Overall, I enjoyed running The Hellfire Compact very much. It is a lovely sandbox.
Wrath of Thrune
And then there’s its thematic flipside. Where the first book has the agents play the authority in town and crush the resistance, in the second they are sent to infiltrate the rebel-occupied town of Kantaria. I spent an entire session on their travel to Kantaria, which is not actually anywhere near Longacre. There was no real adventure in the session, just puttering about the countryside, meeting interesting people, and visiting the town of Dekarium which I fleshed out a bit. I was also laying groundwork for a B plot about the Hellknight Order of the Vice and their ruined Citadel Darvhage, but that in the end went nowhere. I did get good use out of the material in Wayfinder #11, which is the fanzine’s Cheliax issue.
I approached Kantaria much the same way as I did Longacre. I took the time, kept track of all the NPCs, and used all the suggested material. Here, though, we had what we like to call emergent content. The agents decided that to do one nightly sabotage thing they’d planned they would wait for bad weather. Okay, I thought, let’s start rolling for weather. After two clear nights, the random weather table produced us… a blizzard. The town of Kantaria received all the snow of the winter several weeks ahead of schedule, and the rest of the adventure was spent snowed in, with low temperatures, very difficult terrain, and no tracking rolls needed, which changed the character of the infiltration mission crucially.

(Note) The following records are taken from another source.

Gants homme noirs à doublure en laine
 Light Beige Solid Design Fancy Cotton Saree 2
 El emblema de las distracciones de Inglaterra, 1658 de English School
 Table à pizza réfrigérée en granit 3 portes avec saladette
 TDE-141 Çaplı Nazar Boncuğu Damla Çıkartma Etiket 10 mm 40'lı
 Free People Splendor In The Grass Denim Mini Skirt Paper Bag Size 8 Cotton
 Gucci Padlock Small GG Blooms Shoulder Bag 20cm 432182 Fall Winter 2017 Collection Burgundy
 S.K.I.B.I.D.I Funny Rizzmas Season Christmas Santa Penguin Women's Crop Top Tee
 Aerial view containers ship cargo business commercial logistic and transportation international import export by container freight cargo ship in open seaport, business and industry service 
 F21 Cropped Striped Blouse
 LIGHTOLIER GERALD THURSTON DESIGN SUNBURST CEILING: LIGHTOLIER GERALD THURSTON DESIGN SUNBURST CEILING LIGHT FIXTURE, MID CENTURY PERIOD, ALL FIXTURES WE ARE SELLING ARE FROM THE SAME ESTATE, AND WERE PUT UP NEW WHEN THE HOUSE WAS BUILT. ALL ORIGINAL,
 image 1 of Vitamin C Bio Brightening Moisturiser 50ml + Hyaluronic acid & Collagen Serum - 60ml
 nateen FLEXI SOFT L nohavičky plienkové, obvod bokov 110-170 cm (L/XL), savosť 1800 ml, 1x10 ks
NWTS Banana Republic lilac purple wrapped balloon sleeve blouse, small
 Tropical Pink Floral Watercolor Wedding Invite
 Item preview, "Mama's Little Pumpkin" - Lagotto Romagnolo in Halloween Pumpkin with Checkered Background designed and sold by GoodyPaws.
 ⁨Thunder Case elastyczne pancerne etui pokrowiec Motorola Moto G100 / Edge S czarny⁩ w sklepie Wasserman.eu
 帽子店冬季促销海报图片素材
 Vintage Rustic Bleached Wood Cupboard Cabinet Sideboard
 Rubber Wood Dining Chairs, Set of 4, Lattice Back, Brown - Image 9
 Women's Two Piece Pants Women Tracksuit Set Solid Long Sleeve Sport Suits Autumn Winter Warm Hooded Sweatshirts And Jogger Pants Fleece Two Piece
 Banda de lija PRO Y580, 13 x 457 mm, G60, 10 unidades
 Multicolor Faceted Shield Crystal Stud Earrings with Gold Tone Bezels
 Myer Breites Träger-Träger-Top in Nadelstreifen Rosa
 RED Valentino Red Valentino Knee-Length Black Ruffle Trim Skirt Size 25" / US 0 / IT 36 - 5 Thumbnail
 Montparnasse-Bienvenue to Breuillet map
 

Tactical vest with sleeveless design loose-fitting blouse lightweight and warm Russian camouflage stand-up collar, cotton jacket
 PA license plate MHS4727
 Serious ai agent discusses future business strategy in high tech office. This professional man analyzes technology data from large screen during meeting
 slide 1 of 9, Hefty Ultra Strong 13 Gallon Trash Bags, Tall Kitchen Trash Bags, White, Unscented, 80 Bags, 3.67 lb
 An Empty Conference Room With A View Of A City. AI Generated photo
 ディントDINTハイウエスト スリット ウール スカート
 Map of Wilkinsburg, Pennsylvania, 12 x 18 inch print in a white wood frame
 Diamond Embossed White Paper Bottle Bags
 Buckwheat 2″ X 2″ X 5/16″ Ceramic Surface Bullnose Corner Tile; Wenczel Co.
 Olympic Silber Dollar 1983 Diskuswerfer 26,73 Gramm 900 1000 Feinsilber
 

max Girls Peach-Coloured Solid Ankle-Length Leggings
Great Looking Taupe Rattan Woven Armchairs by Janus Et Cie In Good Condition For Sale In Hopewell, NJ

Also noted in the module is that Oppian Nevilindor, the cleric of Iomedae in charge of Kantaria, has a crush on Loredana Viorica, the innkeeper who’s also the agents’ contact in town. So in the morning after the blizzard, he rumbled through the snowdrifts to check up on her, bringing with him warm delicacies he had made that very morning.

In Kantaria, the party also picked up another companion, the ukobach devil Brextur. He was mostly a liability rather than an asset, but along with Zaggar, one of the two NPC companions they had who lived through the campaign.
I also liked Wrath of Thrune very much, though it was perhaps a bit more constrained in its sandboxiness than The Hellfire Compact. One thing to keep an eye on is the combat encounters at Valor’s Fastness. The church grim in the courtyard can be extremely dangerous. Also, it is likely that the agents will not clear the entire complex in one go, and it pays to consider how the defenders react – can someone try to flee, is counterattacking an option, and how will they bolster their defences? In my game, the innkeeper Jana Holdus got out while the going was good.
Post-Wrath of Thrune, I ran an old Dungeon adventure named “Fiendish Footprints” by Tito Leati as they were returning to Longacre from Kantaria. The module’s hobgoblin villain ended up actually being Gwalur’s former boss and they hired the whole company after fighting a very dangerous combat with a bunch of elves. Again, the perils of converting stuff meant for heroes. Another thing was that an evil-aligned party doesn’t necessarily have the tools for dealing with supernatural evil adversaries that a good-aligned party would have. As the antipaladin’s player noted, “When you pit us against evil enemies, I’m a fighter with no feats”. The scenario’s macguffin ended up being connected to Socothbenoth, Vesper’s patron, though he didn’t know where his powers were coming from yet.